*** Source information ***
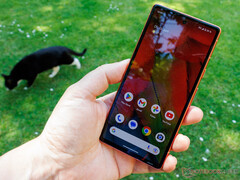 Incluso el vetusto Pixel 7a debería haber recibido ahora un impulso de la GPU gracias a los nuevos controladores. (Fuente de la imagen: Notebookcheck)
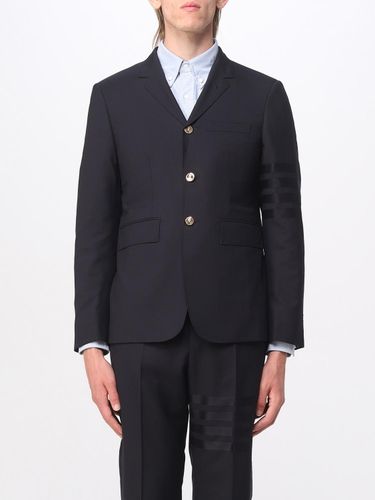 Veste couleur Bleu 1 2 - Thom Browne - Modalova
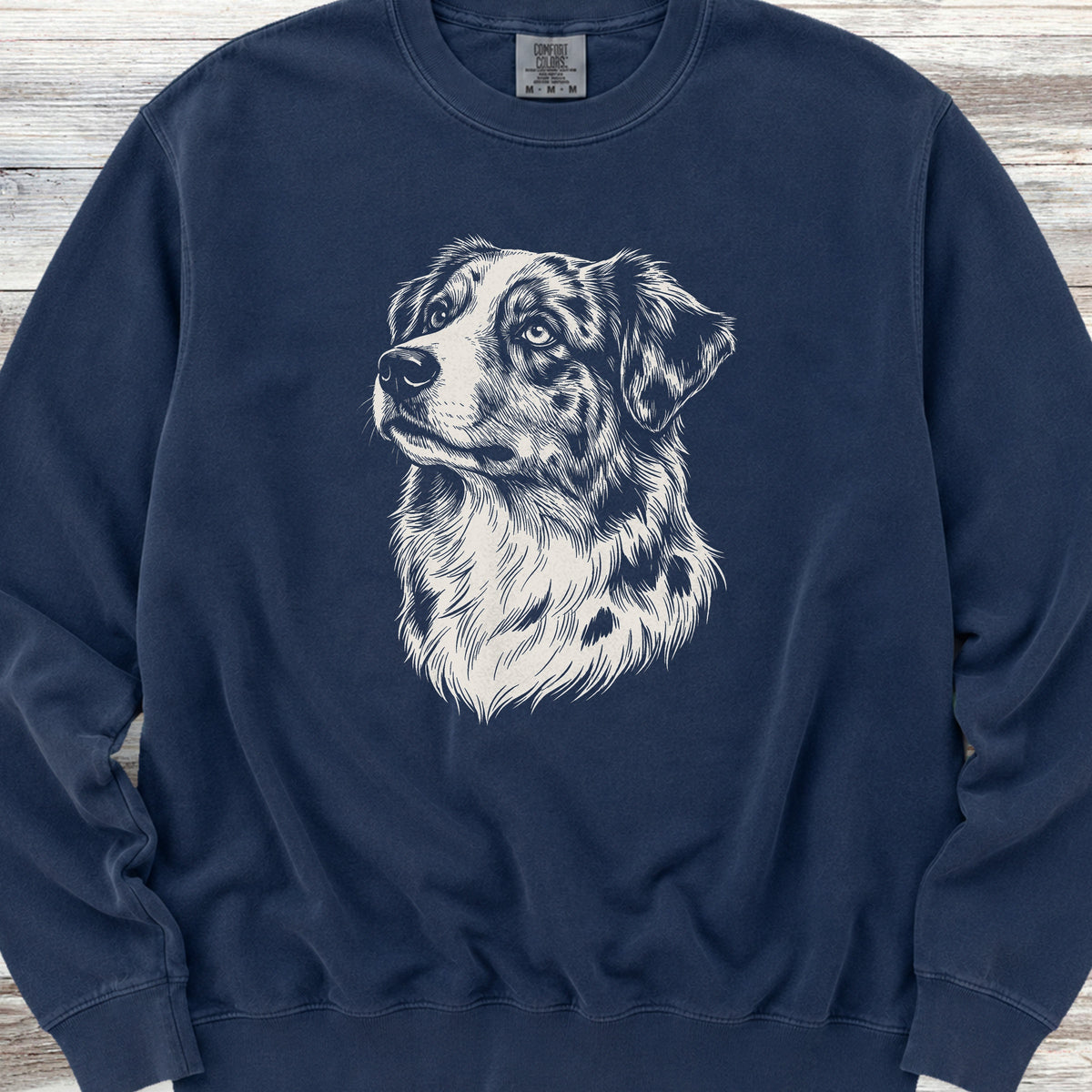 American Shepherd Loyalty Sweatshirt - True Navy
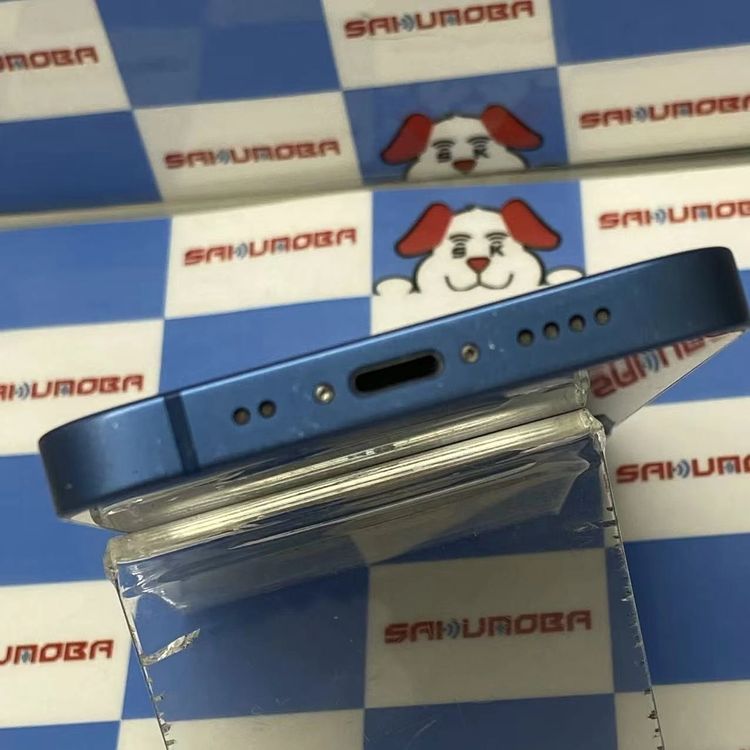 ¨��ȯ����iPhone13 mini 128GB �֥롼 MLJH3J/A SoftBank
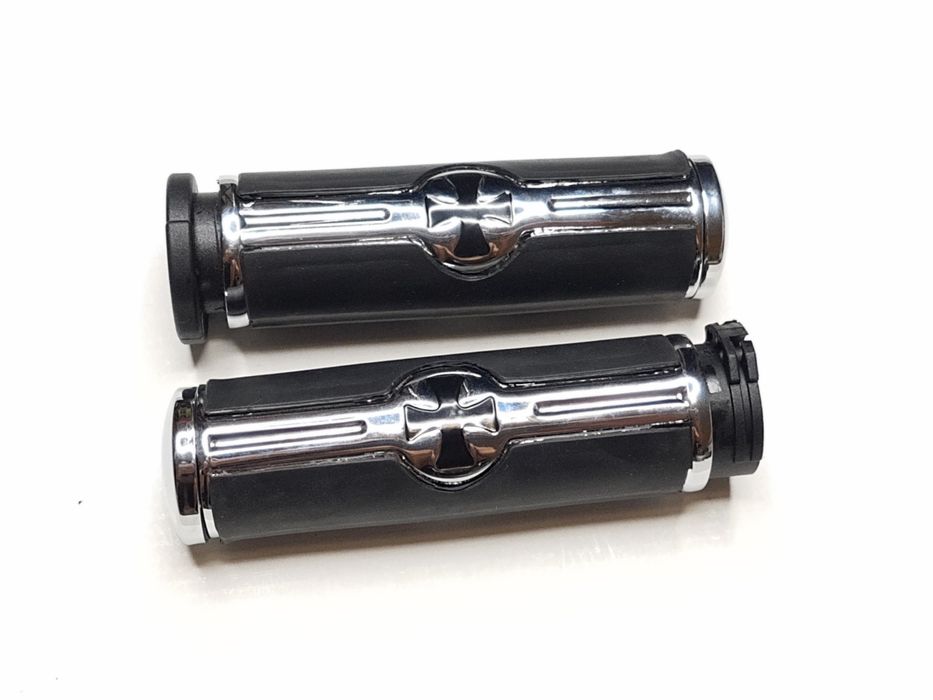 Грипсы на мотоцикл Harley Davidson Honda Suzuki Kawasaki Yamaha 25 мм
***
What is being asked >> Write the lines from the one with "128GB �֥롼 MLJH3J/A SoftBank" through the last line of the entries out again exactly, both ends included, and skip the pictures.

Exercise answer >>
 ¨��ȯ����iPhone13 mini 128GB �֥롼 MLJH3J/A SoftBank
 Грипсы на мотоцикл Harley Davidson Honda Suzuki Kawasaki Yamaha 25 мм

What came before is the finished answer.